[The task]
Below are some entries. Repeat exactly the lines from the one with "10, HEIMDALL ROAD, SCARTHO" through the one with "Modenya Üç Iplik", and only those.

[Supplied data]

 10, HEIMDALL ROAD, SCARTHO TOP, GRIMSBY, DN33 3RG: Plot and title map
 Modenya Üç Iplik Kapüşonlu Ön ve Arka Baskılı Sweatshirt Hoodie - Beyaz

---

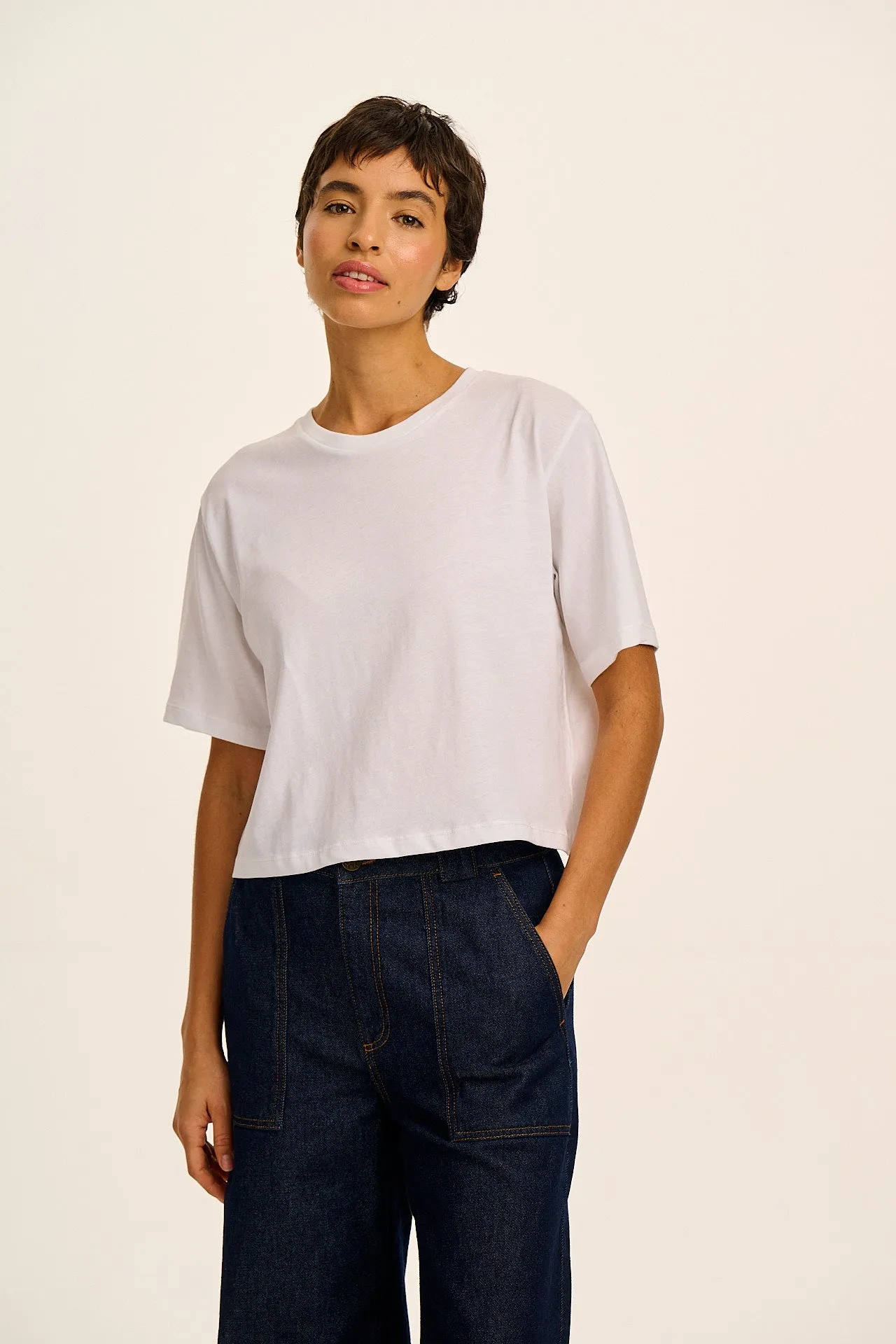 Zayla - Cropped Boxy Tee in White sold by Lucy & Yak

[Worked solution]
 10, HEIMDALL ROAD, SCARTHO TOP, GRIMSBY, DN33 3RG: Plot and title map
 Modenya Üç Iplik Kapüşonlu Ön ve Arka Baskılı Sweatshirt Hoodie - Beyaz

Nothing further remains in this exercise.